Empirically, human lives are intertwined with this materialized network, much like the relation between a fish and a pond, and a hunter-gather in the wild.


Central to this ecological line of thought is the process of 'reverse mediation' that unfolds in the technological environment generated by a technical object - in this case, the fitness tracker - and its operation. The process of mediation and reverse mediation is circular: while different people use technologies differently (mediation), the human users' perception of the self (identity as a self-tracker etc.) and external reality (the metricizing gaze) is also re-shaped by how the technical object functions (reverse mediation).

My attempt to visualize the routine-human-tracker relations

Self-tracking is a fundamentally cyborg-like activity enabled and sustained by a digital prosthesis, which functions in a hybrid operational environment. This hybridity encompasses the human user in their physical environment, navigated digitally through the interface of the app or the screen of the tracker. The human user is the operational environment in which a self-tracker operates, provided that it is worn and has enough battery. Meanwhile, the user exists in a physical world (the house, the gym, the street, the Scientology building etc.) and establishes relations through the fitness tracker. Importantly, as we will later see, the app interface is no less and more 'real' than the house or the Scientology building, as we now live in a world where the human consciousness constantly slips in and out of the digital world, tangibly (computers, smartphones) as well as intangibly (text, email).

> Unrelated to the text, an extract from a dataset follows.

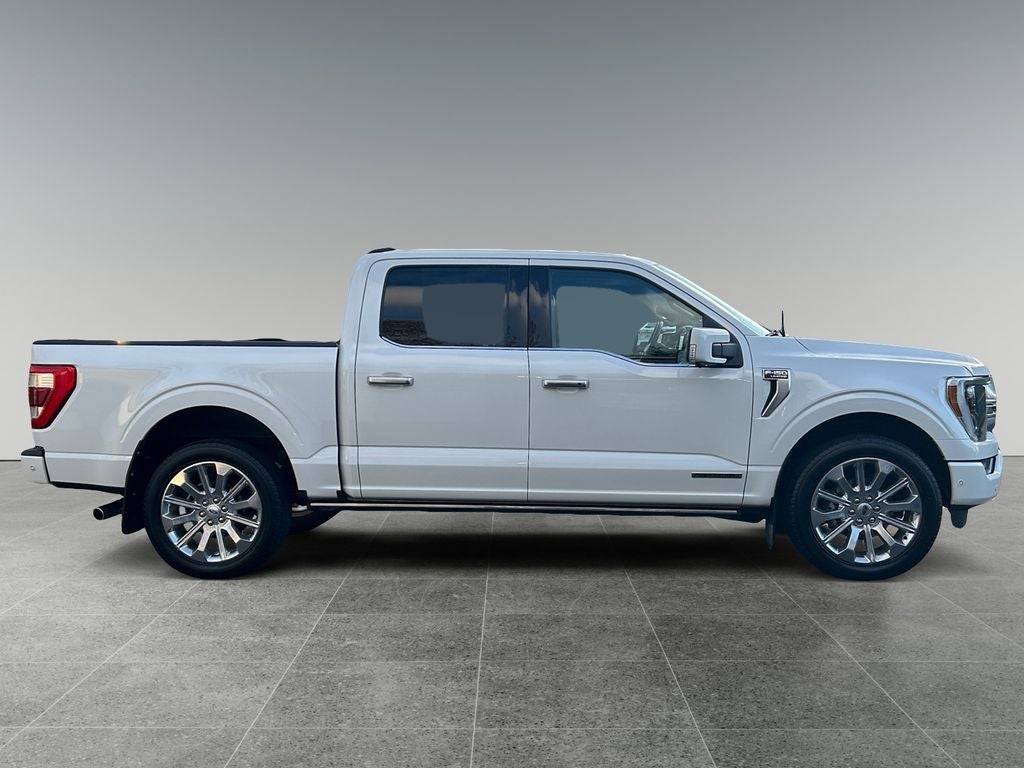 2022 Ford F-150 Limited Hybrid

Reality as a set of relations

Two sets of relations are presented here: pre-determined and contextual


The interconnection between sensors, data, devices, servers, and so on, is predicated on a pre-determined form of relations. Oura users have access to all of their past data via the company's cloud - Oura Cloud. The user may either access a readily available dashboard online to review statistical trends of different scores (sleep score/ recovery index etc.) and metrics (or proxies, really, such as the amount of deep sleep, heart rate, body temperature etc.). You can download your data onto a spreadsheet and play around with them, like A does, but the framework used is set in stone by design.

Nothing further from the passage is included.